The High Court rendered its judgment on 9 January 1998. It accepted the appellant's assertion that Article 73(a) was an empowering provision. Hence since section 6(3) of the RSIA had clearly and unambiguously excluded Article 73(a) of the Malaysian Constitution from applying in Singapore following its independence from Malaysia, Parliament had disempowered itself from legislating extraterritorially. Applying this to the case, the Court held that Parliament had no legislative power to enact section 37(1) of the PCA.[14]

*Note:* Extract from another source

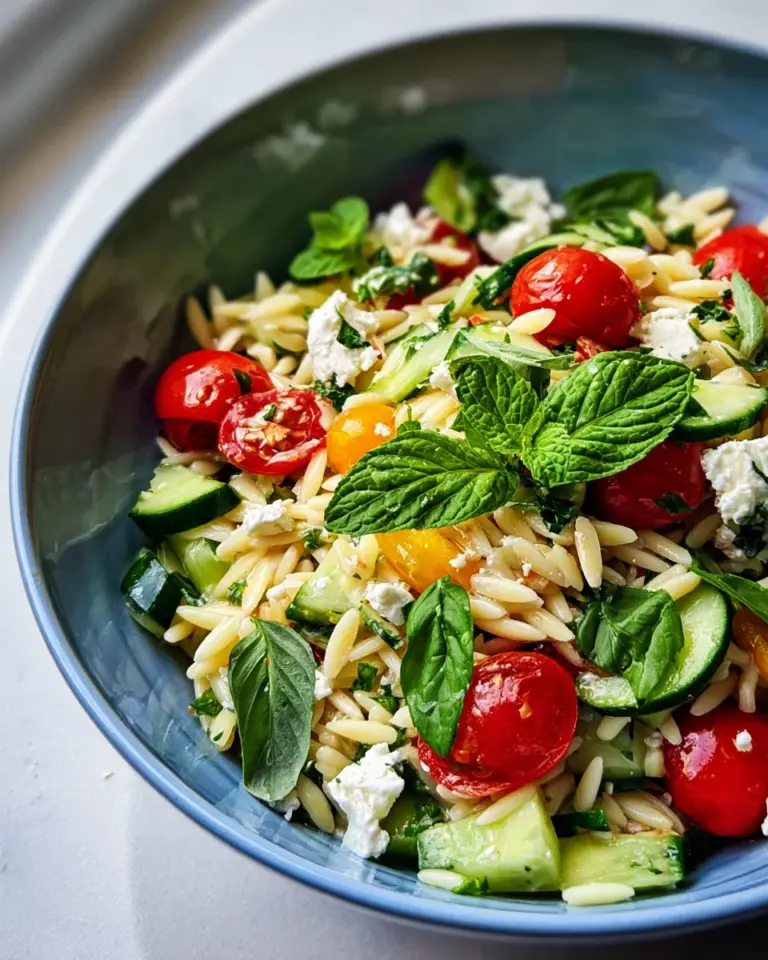 Orzo Salad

Section 37(1) violates the rights to equality and equal protection

In interpreting Article 12 of the Constitution the High Court paid homage to, and endorsed, the approach taken in the landmark case Ong Ah Chuan v. Public Prosecutor (1980),[15] an appeal to the Privy Council when it was still Singapore's final court of appeal. In the case, the Privy Council held that "equality before the law and equal protection of the law require that like should be treated with like".[16] The court further clarified that laws that differentiate between classes are valid if "the factor which the legislature adopts as constituting the dissimilarity in circumstances is not purely arbitrary but bears a reasonable relation to the social object of the law".[17]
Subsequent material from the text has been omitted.